» **Task brief**
Nothing but the lines below from the one containing "Hyundai Santafe 2025 — photo 8" through the one containing "AhsliAlejandro LiveJasmin" should appear in the answer, exact and without pictures.

» **Exercise materials**

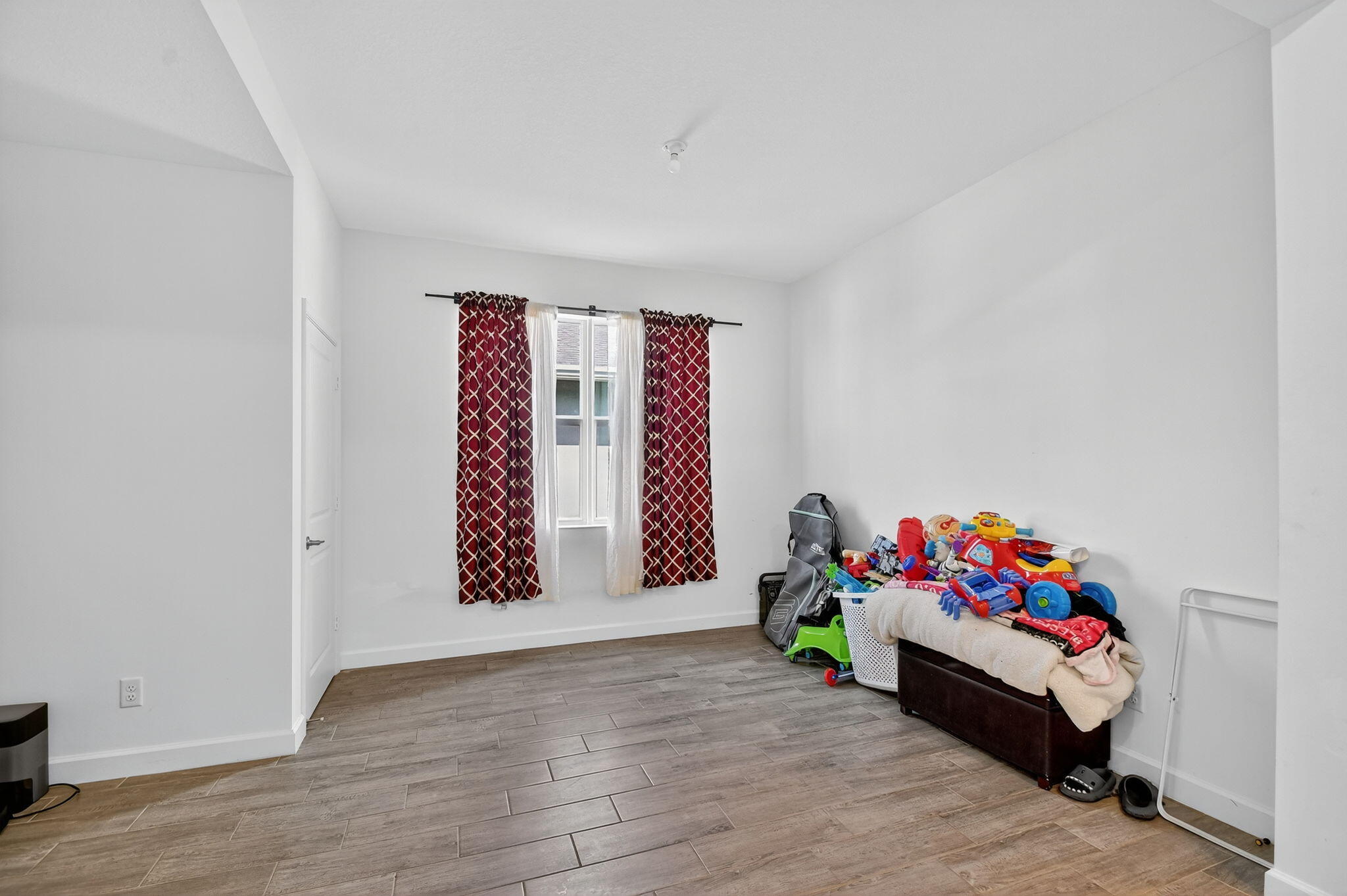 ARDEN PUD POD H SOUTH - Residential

--

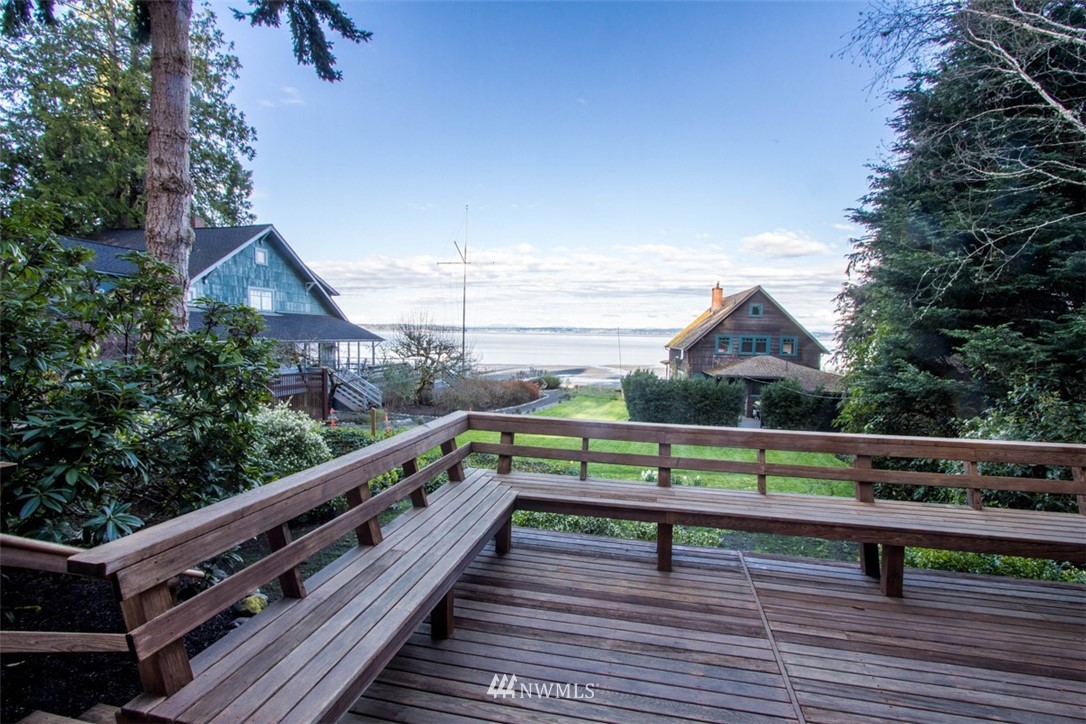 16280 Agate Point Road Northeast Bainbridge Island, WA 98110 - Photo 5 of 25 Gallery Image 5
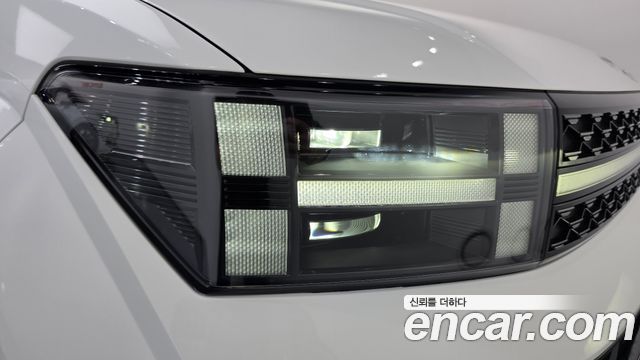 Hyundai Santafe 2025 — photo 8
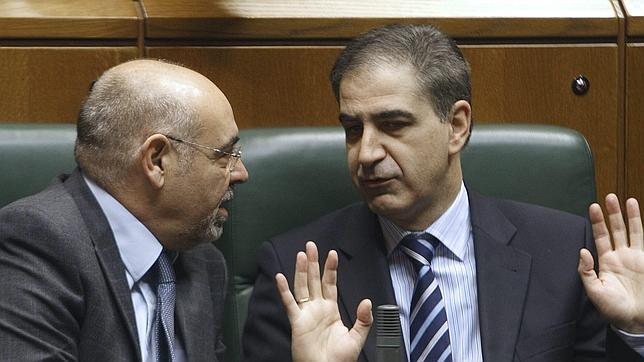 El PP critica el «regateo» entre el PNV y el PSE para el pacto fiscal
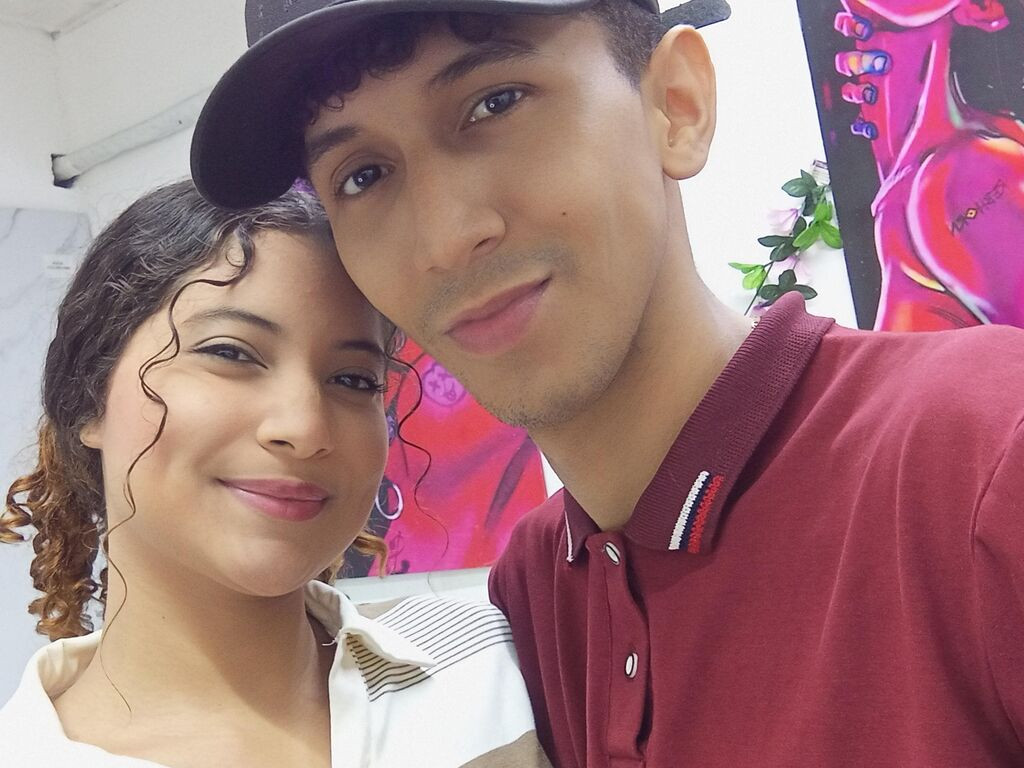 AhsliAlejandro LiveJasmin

» **Written response**
 Hyundai Santafe 2025 — photo 8
 El PP critica el «regateo» entre el PNV y el PSE para el pacto fiscal
 AhsliAlejandro LiveJasmin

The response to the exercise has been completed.